After (part of the VMX file):
scsi0:0.fileName = "SERVER01.vmdk" scsi0:0.mode = "persistent"
Afterward I could power on the machine without any problems, and then initiate a Consolidate Snapshots, to delete the remaining snapshot, will the machine is running.
This procedure can de diffent if there is multiple snapshots on the Virtual Machine.
* I would strongly advise against using snapshot for more then 1-3 days and that grows to this size.
Dear Allan,
Thank You for the useful article.
One thing I didn’t quite get is: What is happening behind the scenes:
A snapshot is created, all the changes are written in the delta, and You start a consolidation job:
Delta -> Base disk merge. When You cancel the task, You basically leave the new disk in “two” pieces: One for the new data, and one for the unchanged data.

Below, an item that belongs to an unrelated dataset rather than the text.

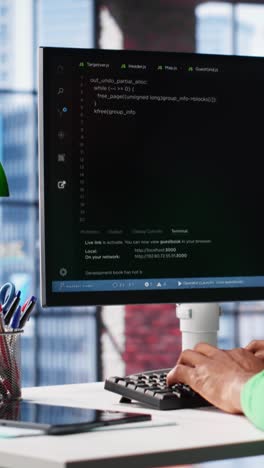 vertical video african american software developer does visual coding and creating software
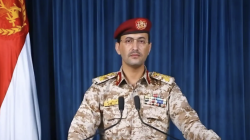 Houthi military spokesman Yahya Saree delivering a televised statement beside the Yemeni flag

With this scenario, how does VMware know which data must be read/written to which VMDK? (As far as I understand the snapshot is already gone at this point, so no real metadata is present for the hypervisor to know the “mapping”).
Thank You for the Answer.
This should not be a ptoblem since the delte disks does not get deleted before the consolidation of that disk finishes, and the consolidated helper snapshot and data snapshot contains the metadata for where to read the correct blocks, and the VMX file is not changed before end of the job.
But you need to know what you are doing before trying to doing this, or you can end up with corrupt disks/vmdk files.